I’m quite new to SonarQube and currently exploring its features. As part of my evaluation, I created two simple Python scripts that share some duplicated code. SonarQube successfully detects duplicated lines and code blocks between these two files, which is great.
However, I noticed that it doesn’t detect similar duplications within the same file. Is this behavior intentional? And if not, is there a specific setting I need to adjust to enable duplication detection within a single Python script?
For testing, I am using the following command to run the analysis and view the results on my local SonarQube server (localhost): sonar-scanner.bat -D"sonar.projectKey=python-test" -D"sonar.sources=." -D"sonar.host.url=http://localhost:9000" -D"sonar.token=sqp_..."
Yes, SonarQube is capable of detecting code duplication within the same file. You can see an example of this in my SonarQube Cloud organization.
This functionality works out of the box and does not require any special configuration. However, SonarQube does provide several configuration parameters related to duplication detection that you can adjust if you want to fine-tune its behavior or results. You can find detailed information about these parameters in the documentation: Duplication Check Configuration.
Unfortunately, I’m unable to access the first link you shared due to restrictions behind my company firewall.

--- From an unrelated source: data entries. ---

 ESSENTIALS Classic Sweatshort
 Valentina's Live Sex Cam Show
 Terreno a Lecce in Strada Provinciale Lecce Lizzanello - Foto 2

However, I did go through the documentation you referred to regarding duplication detection.
Let me explain my use case from the beginning.
Here is an example Python file I’m analyzing:
import math, random, datetime, os # unnecessary imports
class BaseClass:
def greet(self):
print("Hello from BaseClass")
class SubClassA(BaseClass):
def greet(self):
# duplicate code within a function
print("Hello from SubClassA")
print("Hello from SubClassA")
# duplicate code across multiple classes
a = 5 + 5
b = a * 2
c = b - 3
d = b / 4
e = a * 4
f = e * e
g = a + b
h = 2 + e
i = f + g
print("A calc:", d)
class SubClassB(BaseClass):
def greet(self):
print("Hello from SubClassB")
print("Hello from SubClassB")
a = 5 + 5
b = a * 2
c = b - 3
d = b / 4
e = a * 4
f = e * e
g = a + b
h = 2 + e
i = f + g
print("B calc:", d)
class SubClassC(BaseClass):
def greet(self):
print("Hello from SubClassC")
print("Hello from SubClassC")
a = 5 + 5
b = a * 2
c = b - 3
d = b / 4
e = a * 4
f = e * e
g = a + b
h = 2 + e
i = f + g
a = 5 + 5
b = a * 2
c = b - 3
d = b / 4
e = a * 4
f = e * e
g = a + b
h = 2 + e
i = f + g
print("C calc:", d)
def overly_complicated_function(
a: int, b: str, c: float
): # only 'a' and 'b' are used
if a > 0:
if a < 10:
if a != 5:
if b == "test":
print("test passed")
else:
if b != "":
print("not empty")
else:
print("empty string")
else:
print("a is 5")
else:
print("a is too big")
else:
print("a is non-positive")
def uses_typing(x: int, y: str) -> str:
print(y)
return str(x)
def unused_function(z, w, u): # only z is used
return z + 1
def main() : # a lot of spaces
objA = SubClassA()
objB = SubClassB()
objC = SubClassC()
objA.greet()
objB.greet()
objC.greet()
result1 = overly_complicated_function(3, "hello", "not used") # c is unnecessary
result2 = uses_typing("not an int", 42) # type annotations ignored
print(result2)
math.sqrt(16) # calculated but not used
main()
My goals are:
Detect all code duplications (within functions, across classes, etc.).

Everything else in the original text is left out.